Beklendiği gibi bir anlaşmaya varılırsa bu, Çin’e Vietnam’ın artık ABD’ye daha yakın olduğu mesajını verebilir. Tabii bu yakınlığın da bir sınırları olacaktır. Vietnam yıllardır Rusya ve Çin’le olan bağlarını kullanırken, herhangi bir çatışmada taraf tutmayacağını açıkça ortaya koymuştu. Hanoi’nin ‘Dört Hayır’ politikası nedeniyle Çin’e karşı bir koalisyona katılması pek olası değil.
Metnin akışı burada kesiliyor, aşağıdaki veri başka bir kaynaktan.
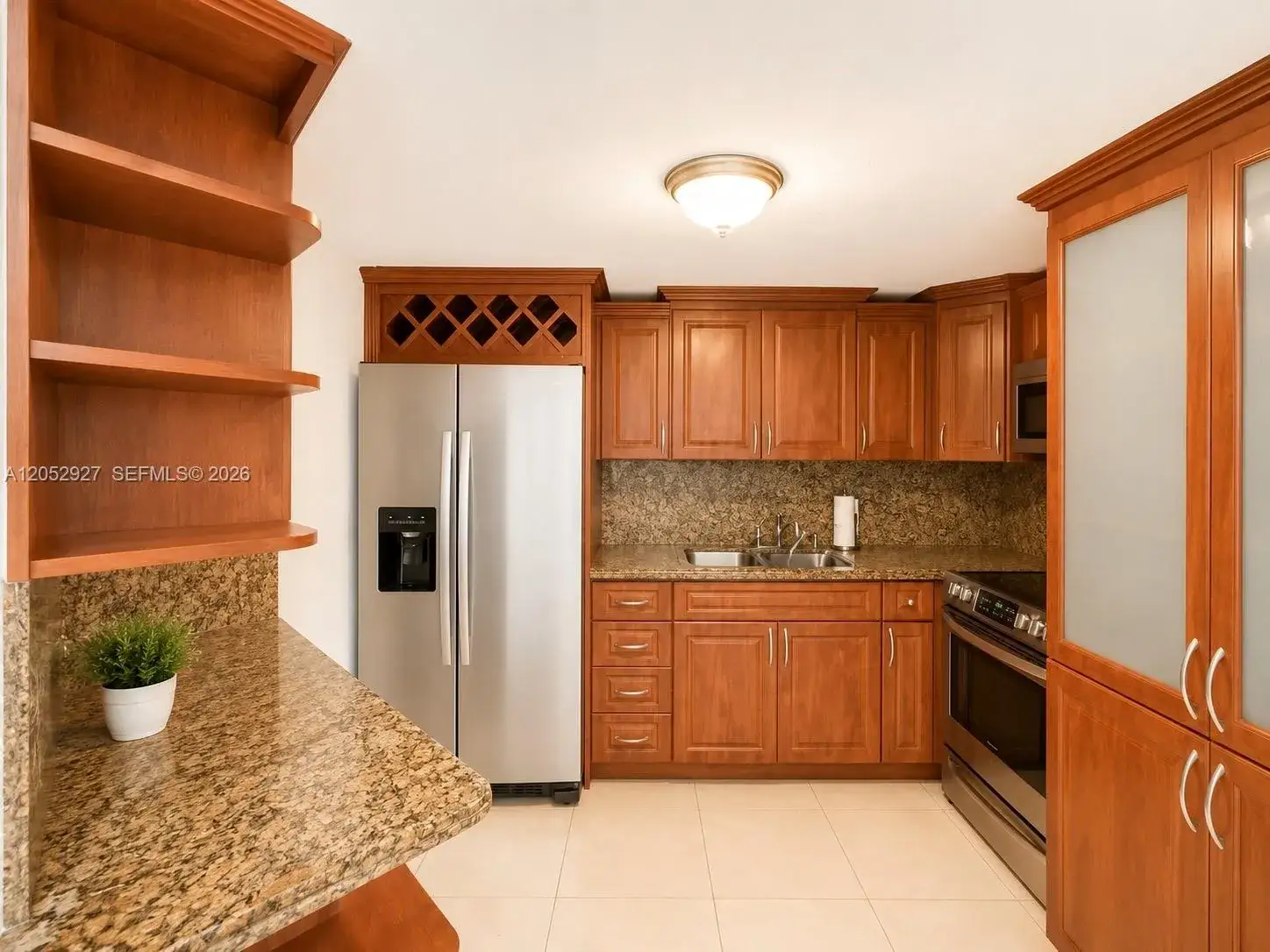 2 bedroom 2 bath Residential Lease for rent at 825 Brickell Bay Dr # 1245, Miami FL 33131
Bu Dört Hayır politikasında askeri ittifaklara katılmamak, bir ülkeye karşı başka bir ülkenin yanında yer almamak, yabancı askeri üslere sahip olmamak ve uluslararası ilişkilerde güç kullanmamak var.
Vietnam Güneydoğu Asya’daki en otoriter ülkelerden biri olmaya devam ediyor. Vietnam Komünist Partisi Genel Sekreteri Nguyen Phu Trong’un hükümeti, son yıllarda muhalefet ve aktivistlere sert bir baskı uyguluyor. Vietnam’daki insan hakları sorunlarına odaklanan ABD merkezli kâr amacı gütmeyen 88 Project’in eş yöneticisi Ben Swanton, ABD ile Vietnam arasındaki yakın ilişkilerin, Vietnam’ın kendi vatandaşlarına yönelik hak ihlallerinde büyük bir artışın yaşanmasıyla aynı döneme denk geldiğini söylüyor.
Swanton NYT’ye, “Biden’ın tek partinin aktivistlere, muhalefete ve sivil topluma yönelik acımasız bir baskı uygulayan Vietnam ile diplomatik bağları geliştirmeyi seçmesi çok çirkin. Biden, ‘kurallara dayalı bir uluslararası düzeni’ teşvik etmek ve özgürlüğü savunmakla ilgili söylemlerine rağmen bir kez daha korkunç hak ihlallerine sahip otokratlarla yakınlaşıyor” dedi.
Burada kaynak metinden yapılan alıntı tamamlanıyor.